Under this proposal, specific bodies representing consumers’ interest, called ‘qualified entities’, would now be allowed to claim for compensation on behalf of consumers together with an injunction order. How would this work? In simple words, qualified entities would have to first seek an injunction order establishing the trader’s illegal practice and could then seek for a redress order forcing the trader to compensate consumers for the damages they suffered. This could either be done by the judge or through an out-of-court settlement reached between the trader and the qualified entity. To be valid, this settlement would nonetheless have to be approved by the judge. Concerning the fines, the proposal doesn’t provide any harmonization and leaves Member States free to determine the level of the penalty. We can suspect therefore that consumers will go to the Member States with higher fines (forum-shopping).
The legislative proposal is complex and the text received lukewarm reactions from a variety of concerned stakeholders. Businesses are concerned that the collective redress mechanism might introduce a much-feared US-class action model into the EU law; resulting in frivolous cases and abusive litigation, thus jeopardizing companies’ activities. Despite Jourova’s statements that safeguards have been inserted in the text, the private sector continues to stress the absolute necessity to avoid the creation of a US-class action system in Europe. On their side, consumer associations feel that the Commission’s text doesn’t go far enough and continue to call for swifter collective redress procedures and avoiding a national fragmentation of the text by Member States’ implementation powers.
The proposal is now in the hands of the Parliament and the Council for examination.

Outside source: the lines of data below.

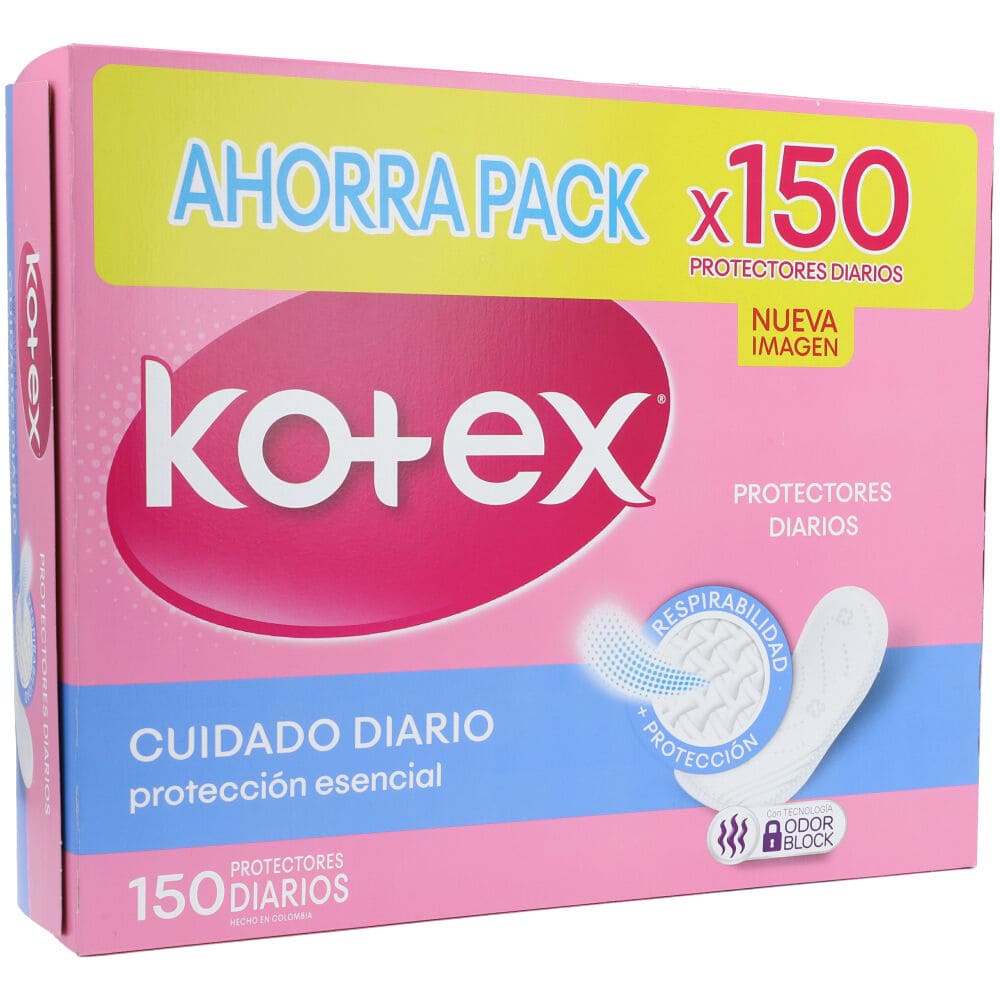 PROTEC KOTEX CUIDA DIARIO*150U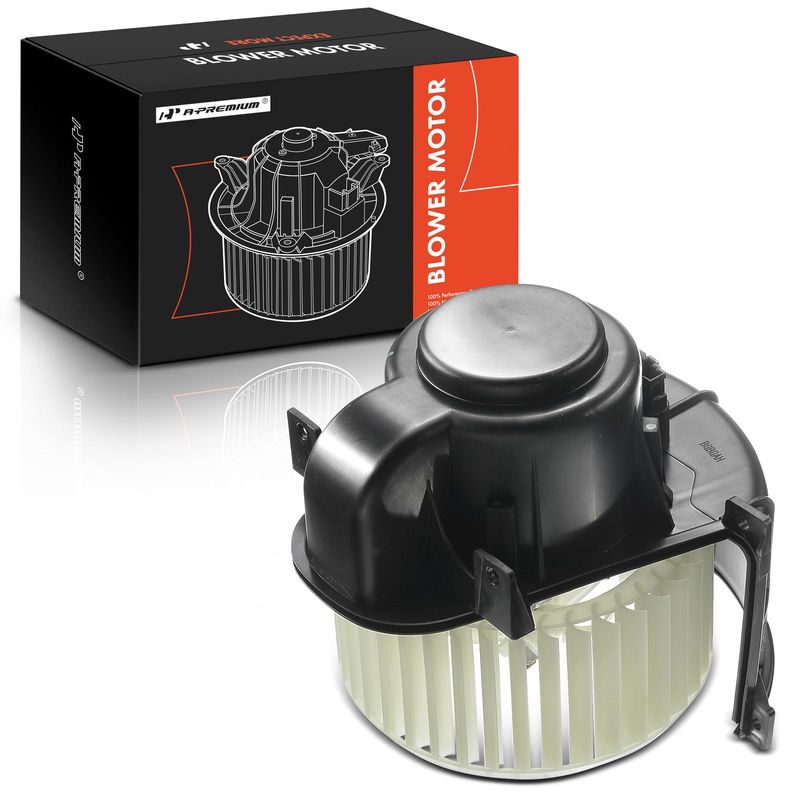 Front A/C Heater Blower Motor with Fan Cage for VW Touareg 04-10 Audi Q7 07-15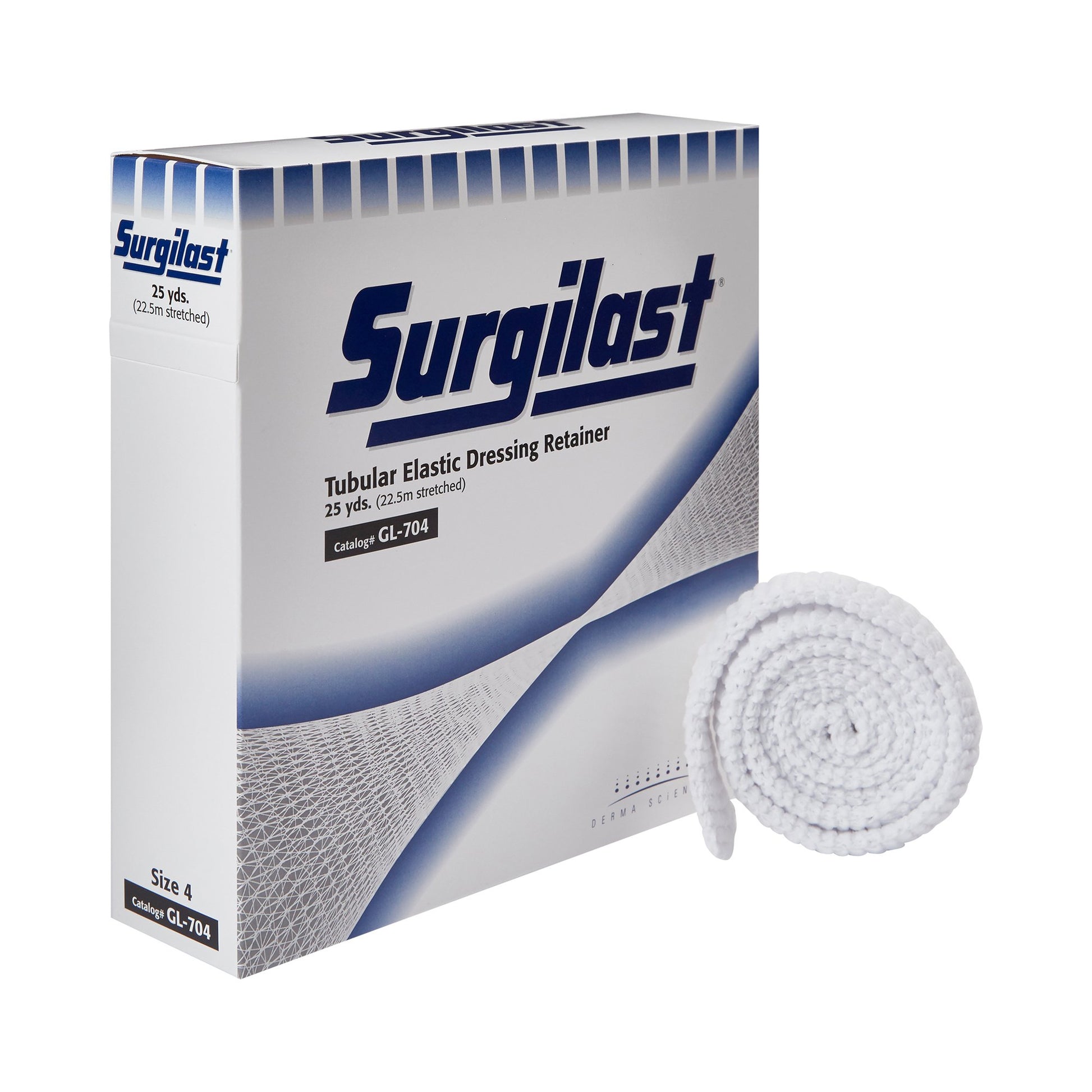 Surgilast Elastic Net Retainer Dressing, Size 4, 25 Yard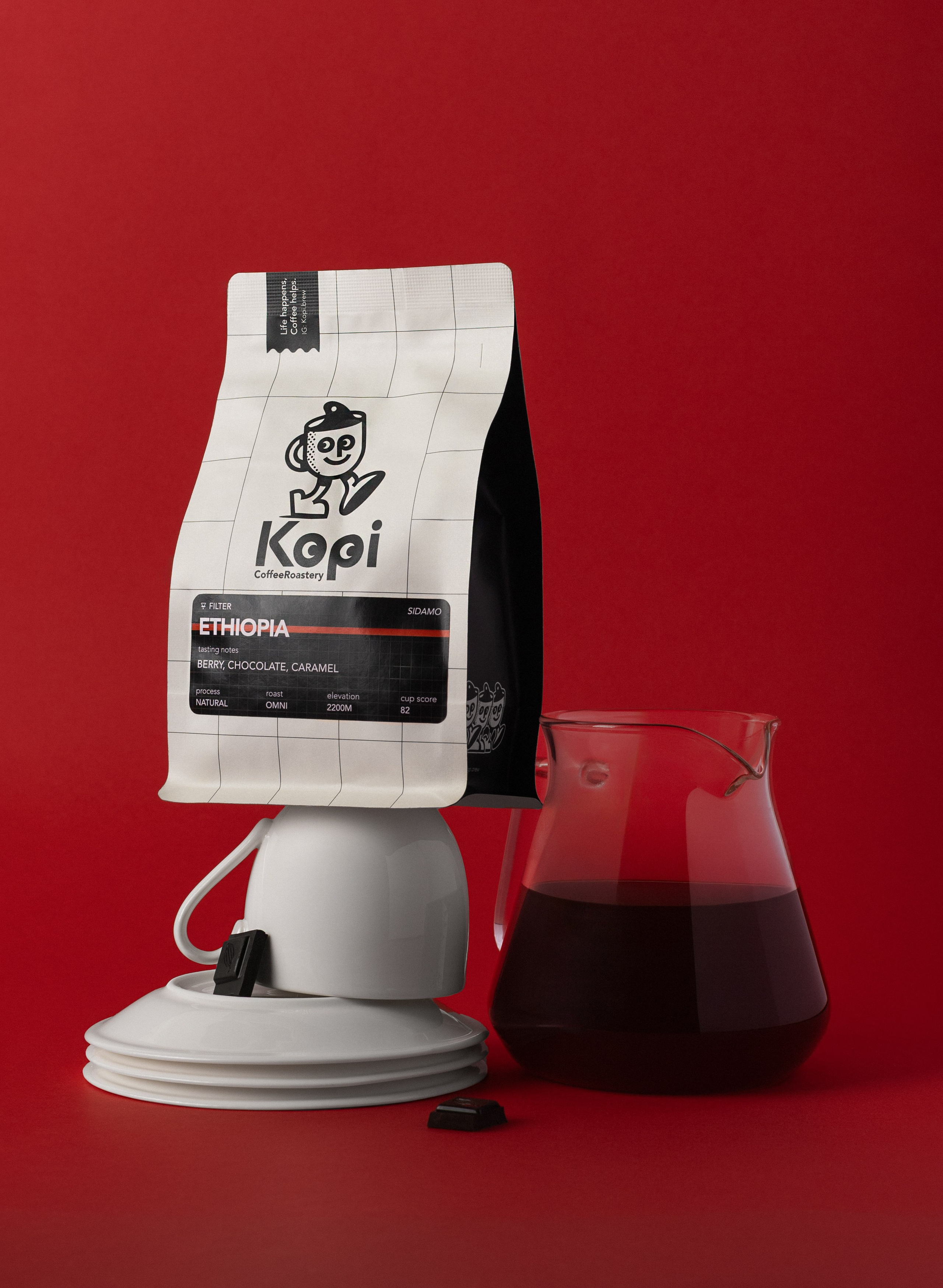 Съемка кофе для «Kopi.brew». Предметный фотограф в Грузии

In the Parliament, the Committees on Legal Affairs (JURI) and the Internal Market and Consumer Protection (IMCO) will share the work on the proposal, requiring the centre-right Geoffroy Didier (EPP, FR) and far-left Dennis De Jong (GUE, NT) to create a somewhat unnatural political collaboration. In the Council, the upcoming Austrian Presidency will have the difficult task of steering Member States’ work towards a General Approach and it appears already that divisions among the Council’s members will not facilitate the achievement of this goal.
While the timing is tight to conclude the legislative process under this Commission, the political moment appears to be well-timed to talk about collective redress issues. With ongoing revelations about Diesel Gate, the Cambridge Analytica scandal affecting millions of consumers, and the search for ‘consumer wins’ before the upcoming European elections, the political context provides an excellent base for the proposal’s progress. This will inevitably overshadow the upcoming debates which promise to be complex, intense and stormy.